Reassess CDI metrics to ensure program progress

CDI Blog - Volume 9, Issue 67

Just because you can measure something doesn’t mean should measure it, Jon Elion, MD, founder and CEO, ChartWise Medical Systems, told ICD-10 Monitor’s Talk Ten Tuesday back in February of 2016. Specifically, he pondered why CDI programs hold onto legacy targets such as physician response rates as a measurement of program success. Instead, measures need to change as the CDI program itself matures and grows.

As CDI programs begin, managers need to track:

  • physician query rates (how many queries per record reviewed)
  • Physician response rates (how many of those queries receive a response either positive or negative)
  • physician agree rates (how many query responses align with the intent of the CDI specialist)

Such measures help CDI programs assess the competency of its staff as well as the engagement of its physicians with program goals. Yet any assessment tool needs to be analyzed itself and the reason behind the data interrogated, Elion indicated.

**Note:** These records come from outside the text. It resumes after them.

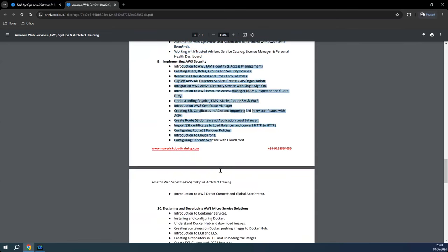Then we'll focus on the security side of AWS. We'll talk about identity, directory services, how to synchronize directory services with AWS, KMS, CloudHSM, WAF, Certificate Manager, and other related services, with hands-on from a security standpoint.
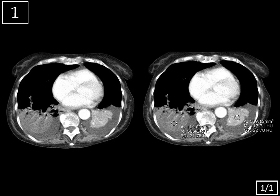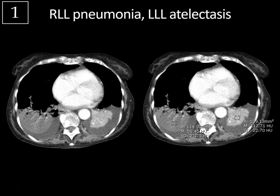Case 1, CT chest. This is a nice example of right lower lobe pneumonia and left lower lobe atelectasis with bilateral pleural effusions.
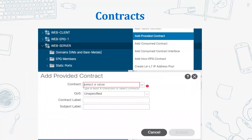Once your filter is created under the subject and the contract has been created, we now need to provide this particular contract. We go to the EPG that will be the provider of that particular contract.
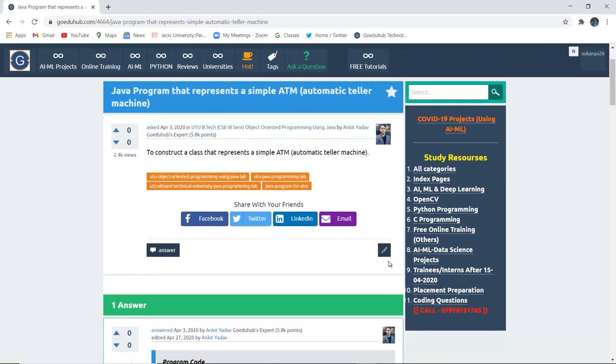So this is how we can implement a Java program to construct the class that represents a simple ATM machine. For more programs of Java, we will look into upcoming videos. Thank you.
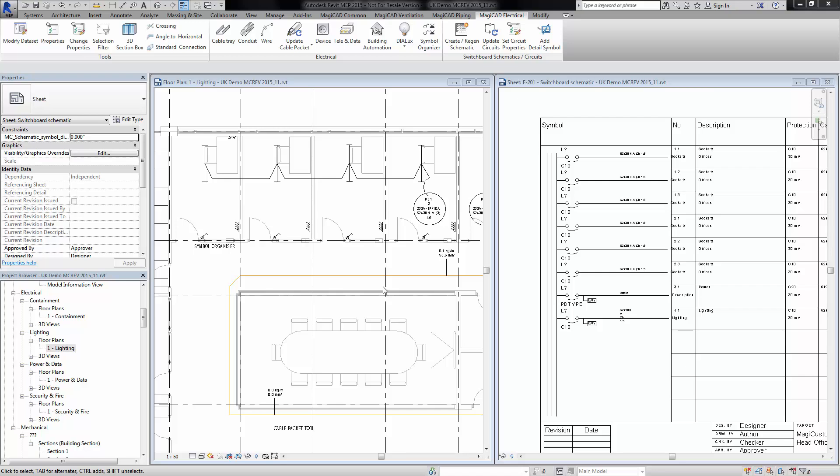This method and this staging of information input into Revit using MagiCAD schematics and then modeling is a lot more prevalent for electrical engineers using the Revit process. We're going to look at how that is completed.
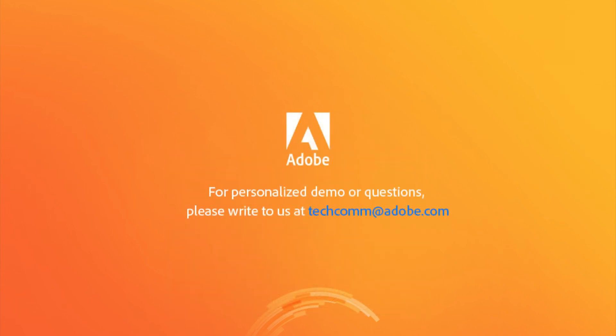For a personalized demo or questions, please write to us, techcom at adobe.com.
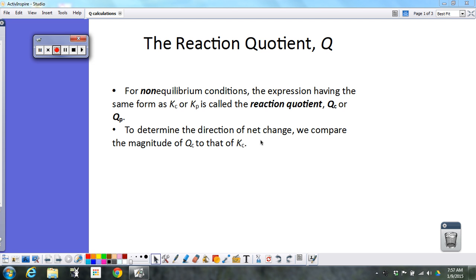In the last video, we talked about how you calculate a K value, or how you calculate equilibrium concentrations or pressures given a K value and some initial conditions. There's something else we can calculate for a reaction, and that is called Q, the reaction quotient.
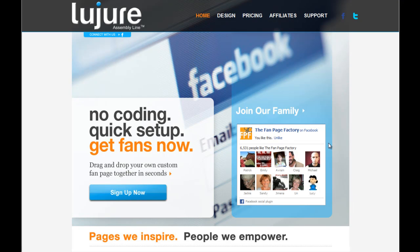Hey guys, welcome to Lujure. Now that you're part of the family, how do you use the platform?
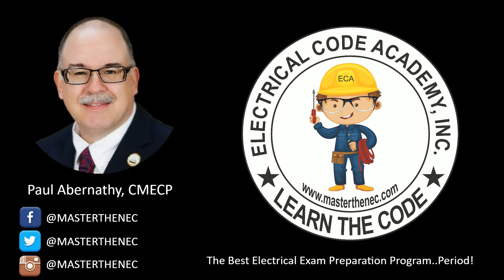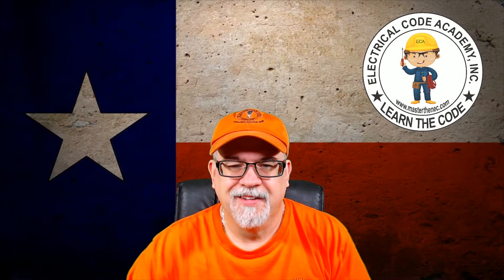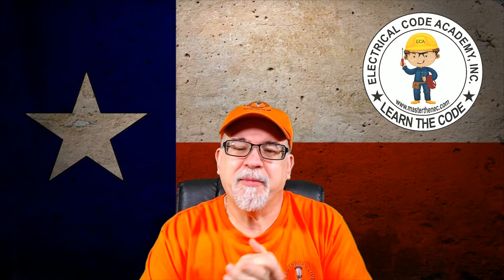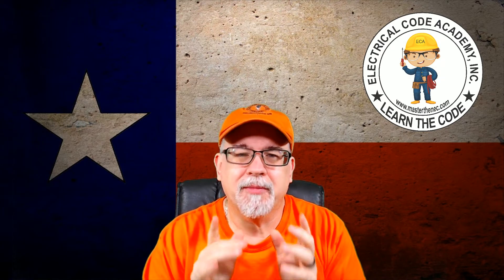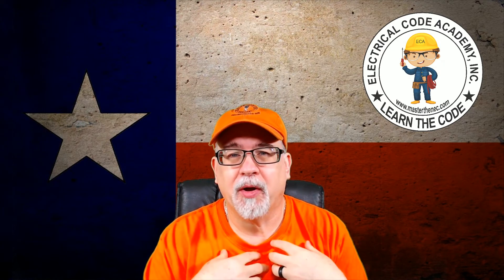You're listening to Electrician Live with your host, Paul Abernathy. Hey everybody, welcome to Electrician Live. I'm your host, Paul Abernathy.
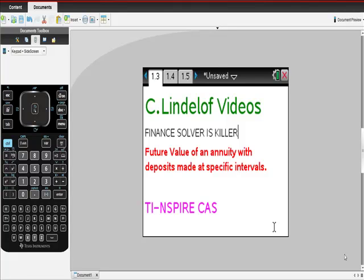Okay, see Lindelof videos. Finance solver is killer on this TI-inspired cast. What we're going to look at today, just specifically, you can do tons of stuff with this.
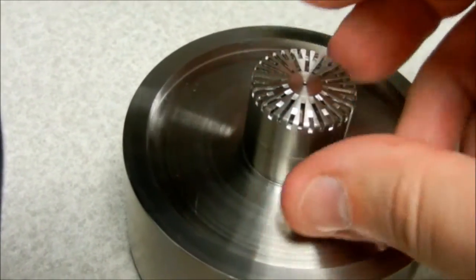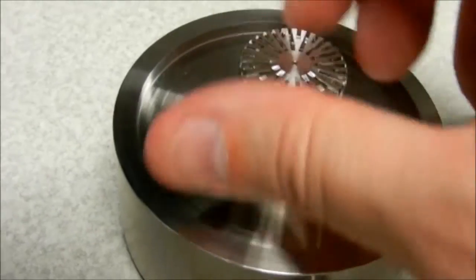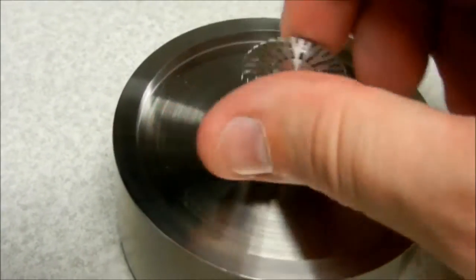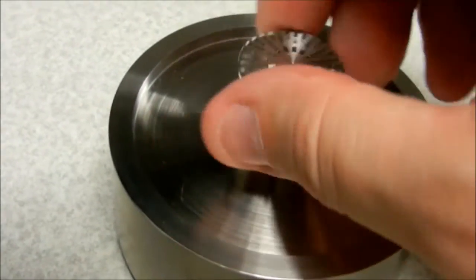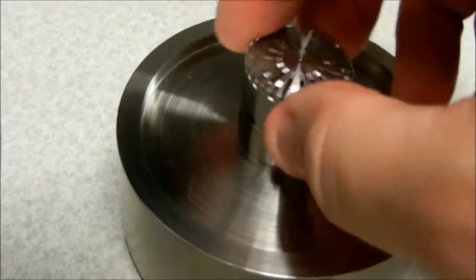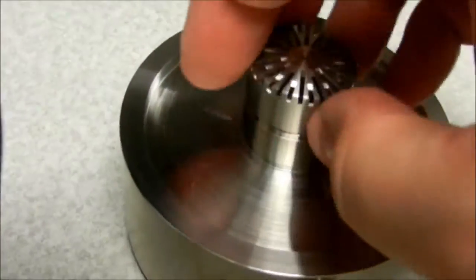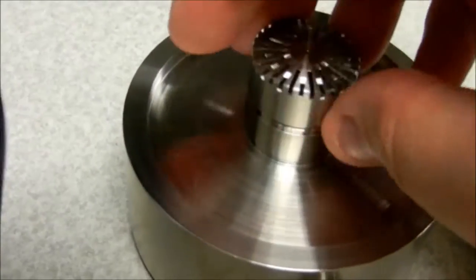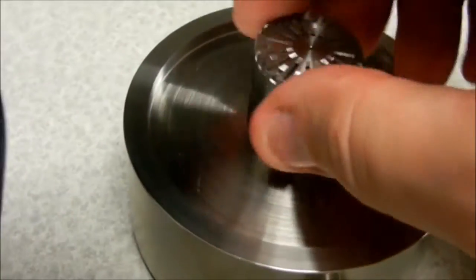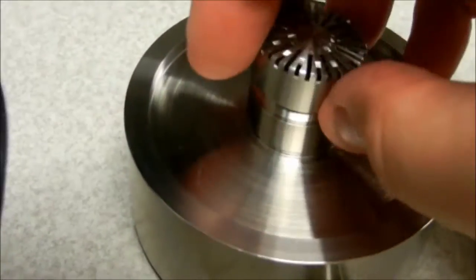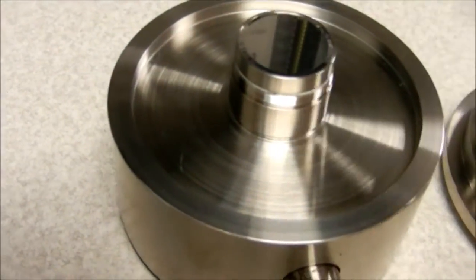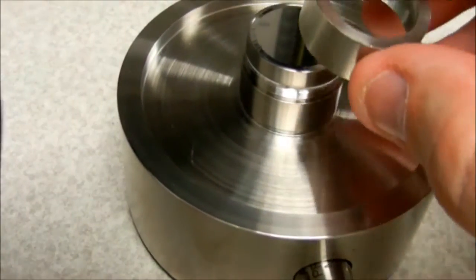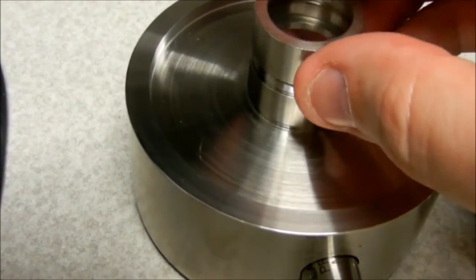And then this little cap here screws off. This is the actual microphone transducer you're about to see, right there, and we replace this on top gently.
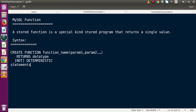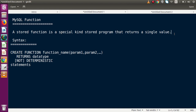A stored function is a special kind of stored program that returns a single value. It is a simple function made to complete any particular task. For example, if we have an email address and we want it to be converted automatically to uppercase, we make a stored function that takes the email address as a parameter and returns the uppercase version. This is the key difference between a stored function and a stored procedure — stored procedures do not return a value, but stored functions do.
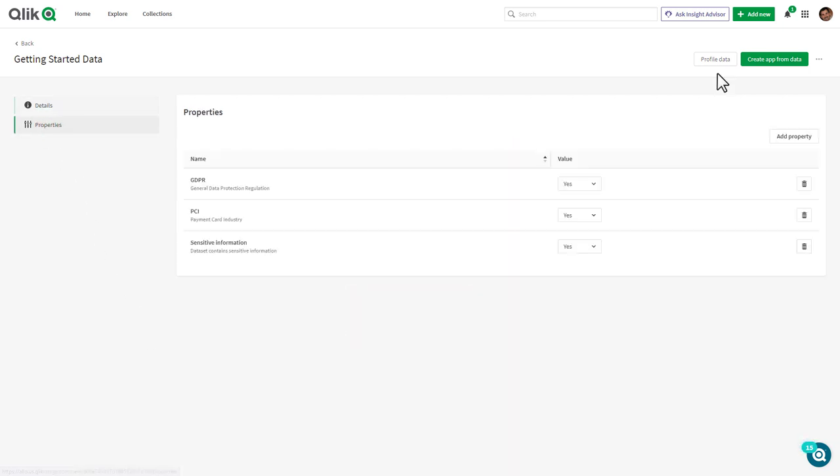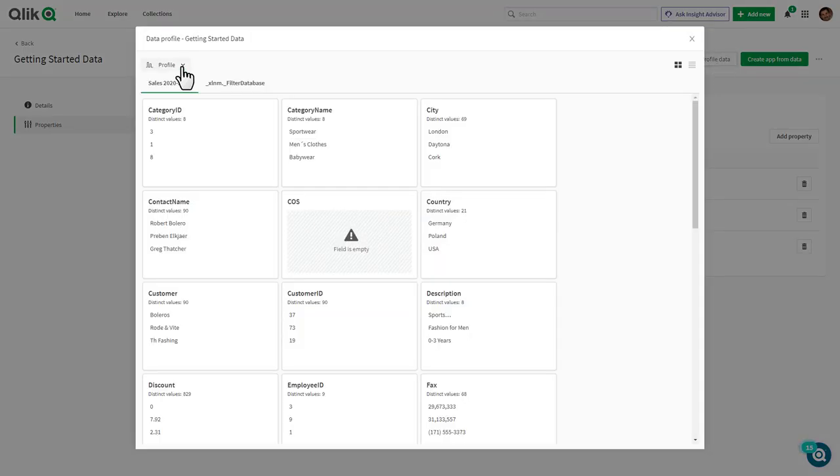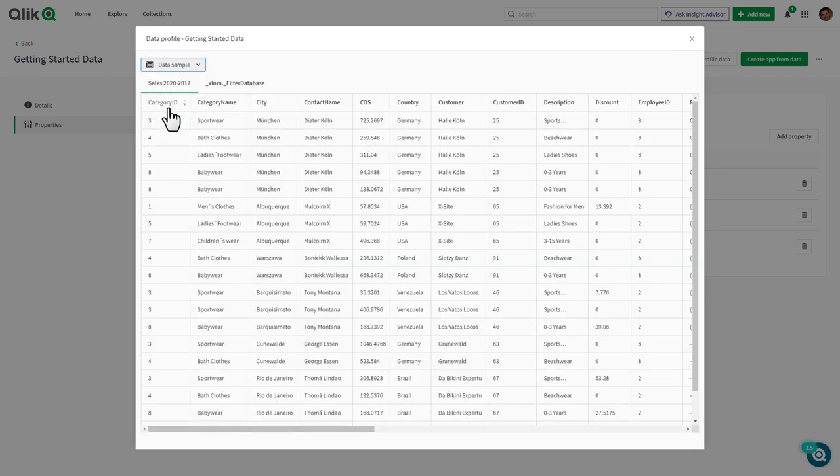They also can perform data profiling as well as view sample data, making it easy to find, classify, and determine which data is best to be used within a new or existing app.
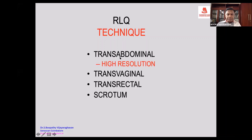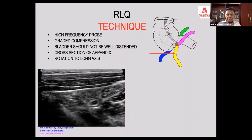In a transabdominal scan, use the high-frequency linear probe at 5 to 12 megahertz, and scan the right iliac fossa. You have to follow the graded compression technique.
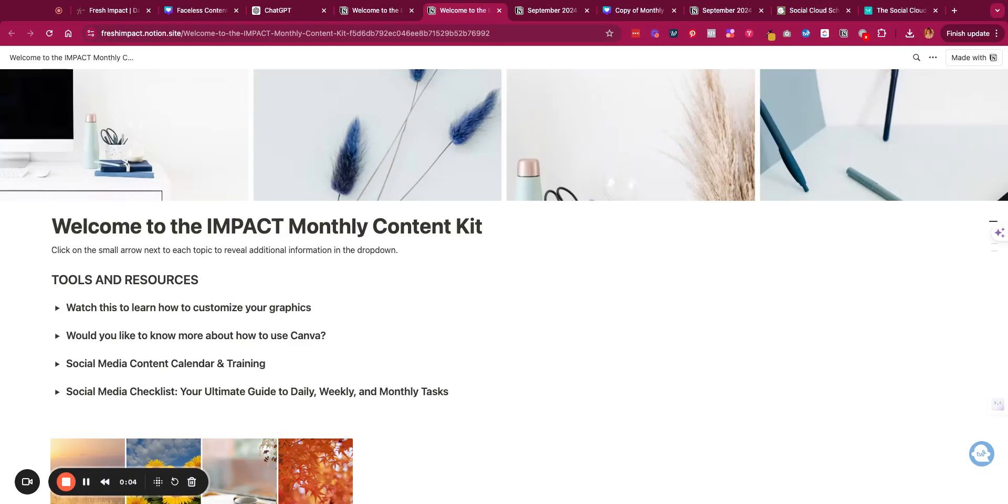Welcome to the IMPACT Monthly Content Kit. We are so excited to be able to offer you this resource for your social media marketing content. When you sign up for the Content Monthly Content Kit, the first page that you'll come to is this general page.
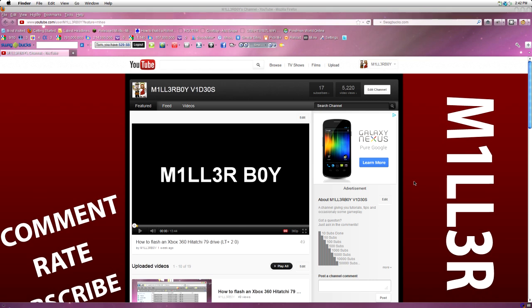Let's get stuck in. First of all, you're going to want to check my description. The first link should be a link to a program called Jungle Flasher - this is actually going to be flashing the firmware onto the drive. The second link is a download of a zip file which includes the Samsung firmware that we're going to flash onto the drive.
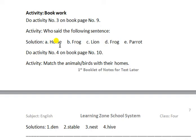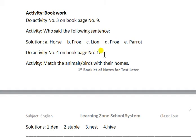You have to write the answers to those sentences sequentially and carefully. The next activity is activity number four on book page number ten. You have to make the columns match — the animals with their homes.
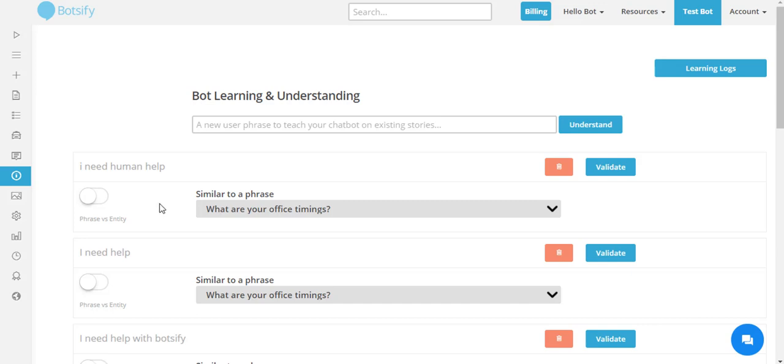Besides getting those sentences from user conversations which my chatbot fails to answer, I can even add my own sentences which I expect my users to ask and train my chatbot accordingly.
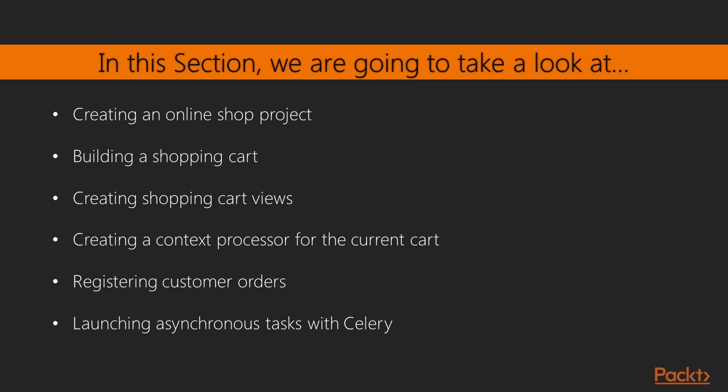In this section we'll learn how to build a basic online shop. We'll create a catalogue of products and implement a shopping cart using Django sessions. You'll also learn how to create custom context processors and launch asynchronous tasks using Celery.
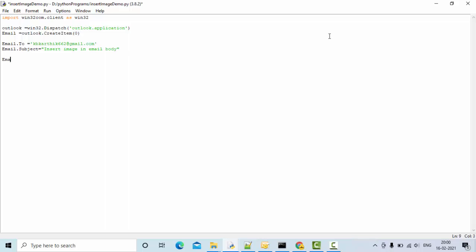Then the actual one. Here, what I'm doing is I'm going to take HTML body. Let me use first some h1 tag like 'image'. To insert an image, we need an image tag and we need to give that source path.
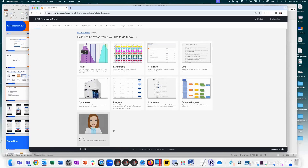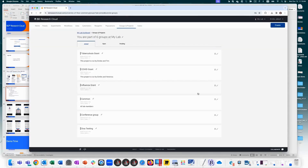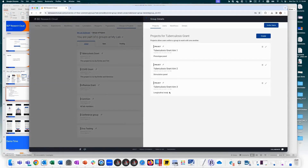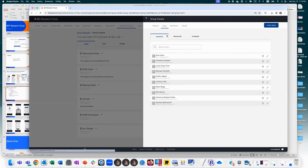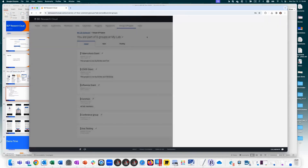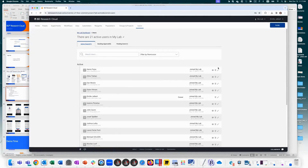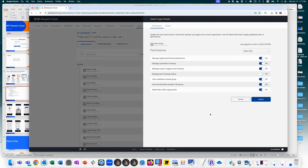The last tabs are groups and projects, and users. Groups and projects organize who has access to what data — you create groups, invite users, and within groups you can have additional subfolders representing projects. You can assign different group-level permissions, and at the users tab you can see organization-level permissions: whether a user can modify cytometers, view data outside their own group, manage staining sheets, and so on.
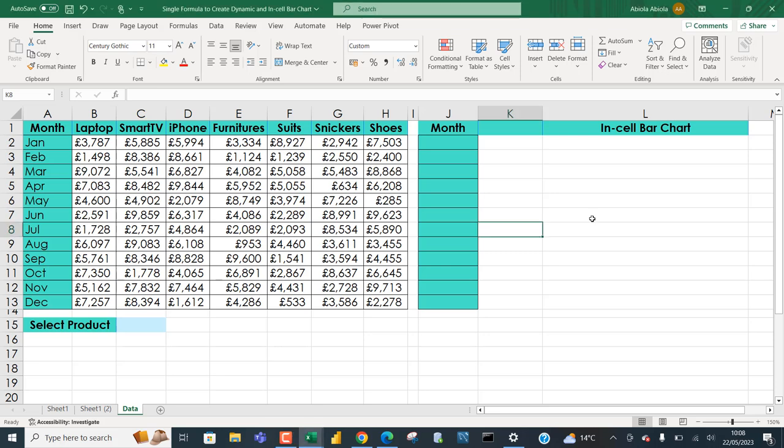Hello and welcome to this Microsoft Excel video tutorial. In this video we're going to continue with our single formula series. We want to learn how to use a single formula to create a dynamic and colored in-cell bar chart. If you are new to this channel or you've not joined, please click on the subscribe button and turn on the bell icon to be notified of new videos.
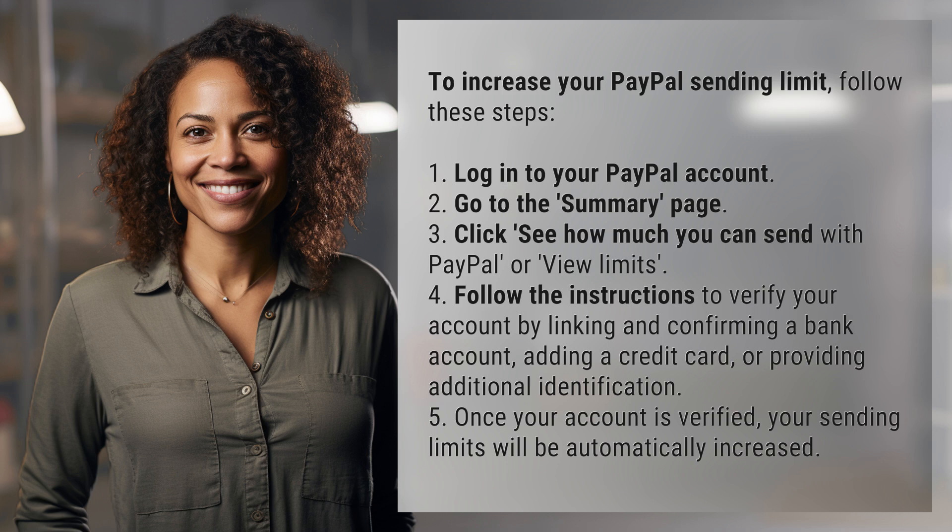1. Log in to your PayPal account. 2. Go to the Summary page. 3. Click 'See how much you can send with PayPal' or 'View limits'.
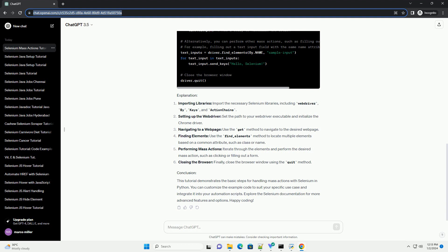Navigating to a web page: use the get method to navigate to the desired web page. Finding elements: use the find underscore elements method to locate multiple elements based on a common attribute, such as class or name.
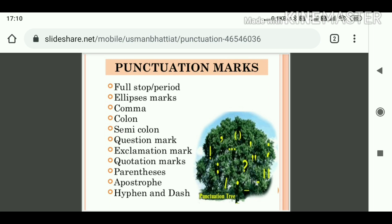There is a list of punctuation marks. The first one is full stop or period — in British English we say full stop, in American English we say period. Second is ellipsis mark. Third, comma. Fourth, colon. Fifth, semicolon. Sixth, question mark. Seventh, exclamation mark. Eighth, quotation mark. Ninth, parenthesis. Tenth, apostrophe. Eleventh, hyphen and dash.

For example, if the CDI team sends a query to one physician but a different physician responds should that response count towards the first or second physician’s data? What about the physician who responds to all queries, just not in a timely way? What about the physician who answers all their queries but always needs to be queried on the specificity of his or her patient’s heart failure?

Theoretically, as a CDI program matures its physician engagement and response rates should increase throughout the first year and stabilize in the second or third years. While programs may not expect 100% consistent physician response rates they should expect it to hover in the mid-90% range.

Elion doesn’t mean that CDI managers should toss out those traditional measurements altogether but to use them instead to identify potential trouble spots, educational opportunities, and to nip any provider support concerns in the bud early.

Such measures should not be used to penalize physicians, however. “Clinicians who are always on their toes would suffer from a toe walking gait which most closely maps to ICD-10 code R26.89,” he said.

What types of metrics does your CDI program measure and what items to you think should be retired?